Pushed Out: The Injustice Black Girls Face in School

Black girls make up 16 percent of girls in U.S. public schools, but 42 percent of girls’ expulsions. What are the forces that have made these students targets?
Published: September 9, 2016

“I think education is important, because nobody can take that from you,” a 16-year-old named Jennifer told Monique Morris, author of Pushout: The Criminalization of Black Girls in Schools. But Jennifer hadn’t attended school regularly for years. After being raped at age 12, pushed into prostitution, bounced around foster homes, and repeatedly suspended from school, her opportunity had been lost. This story of Jennifer’s “pushout” is the story of far too many Black girls in America. In her book, Morris, co-founder of the National Black Women’s Justice Institute, shares the voices and stories of these girls, and also offers specific policy recommendations and strategies for educators. Recently she talked to NEA Today about the need for educators to “lead with love.”

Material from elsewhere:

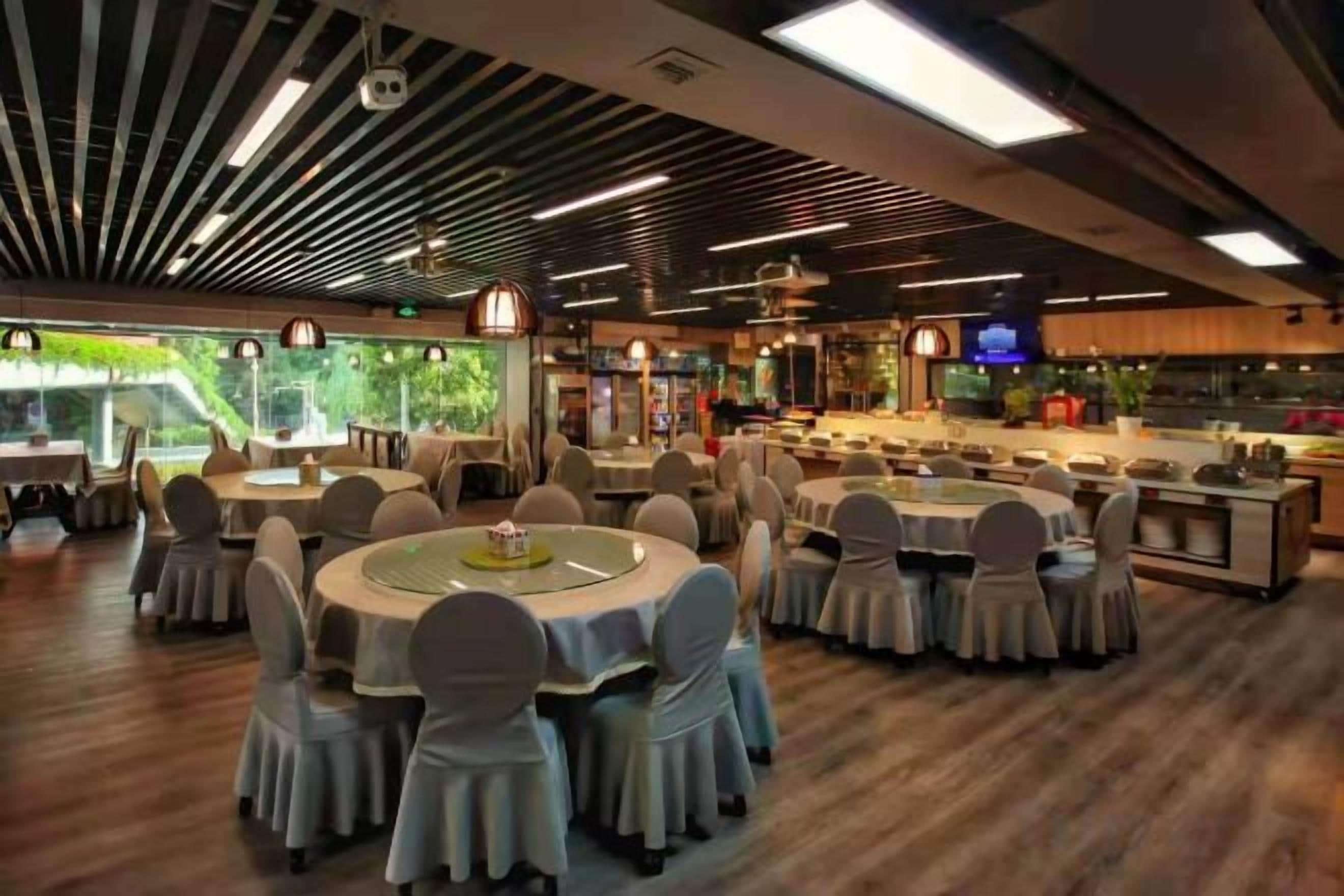 A restaurant with round tables, chairs, and a bar area.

Let’s start with the numbers — Black girls make up 16 percent of girls in U.S. public schools, but 42 percent of girls’ expulsions and more than a third of girls’ school-based arrests. Lately we’ve seen some of those arrests in the news — I’m thinking of that child in South Carolina who was thrown across her classroom by a police officer because she wouldn’t give up her cell phone. What’s at work here? What are the forces that have made these girls targets in their schools and communities?

Monique Morris: There are zero tolerance policies in schools and school districts that have really removed the discretionary decision-making abilities of educators and administrators to respond to the core needs of students. And within this elevated climate of punishment, typical adolescent behavior, when exhibited by Black girls coming from communities under extreme surveillance, is very often misunderstood. Their actions are taken—they are misunderstood—as aggressive, even when they’re not.

pushoutWhat I’ve sought to do in my work is deconstruct the historical legacy that misinforms our ability to really see Black girls, and see their trauma, and see the centrality of that trauma and how it shapes how educators and institutions interact with them. There are ways that Black girls are routinely over-policed, and there are ways that Black girls’ behaviors are read as a threat to safety, even if they’re really no more aggressive than their counterparts of other racial and ethnic groups. It results in them being cast as deviant and defiant, and being cast out of school, even when they’re expressing a desire to be educated.

How early in the lives of Black girls do these issues arise?

MM: Black girls are 20 percent of preschool girls, but 54 percent of the girls facing out-of-school suspensions in preschool. That number, and also the disparities around corporal punishment, are two points that show how schools are assessing threats among really young children. Those of us who have seen a 6-year-old throw a tantrum know they can throw a mean tantrum—but there are ways we can respond without pushing them out of school. What this says to me is that Black girls, from a very young age, are treated as disposable. What it also says is that we need to find ways to support them.

In some of our schools, NEA members are talking about implicit or unconscious biases, and how they affect student achievement. But this can be hard — and sometimes you’ll hear people say, oh but I’m not a racist! How do you move people beyond that self-denial?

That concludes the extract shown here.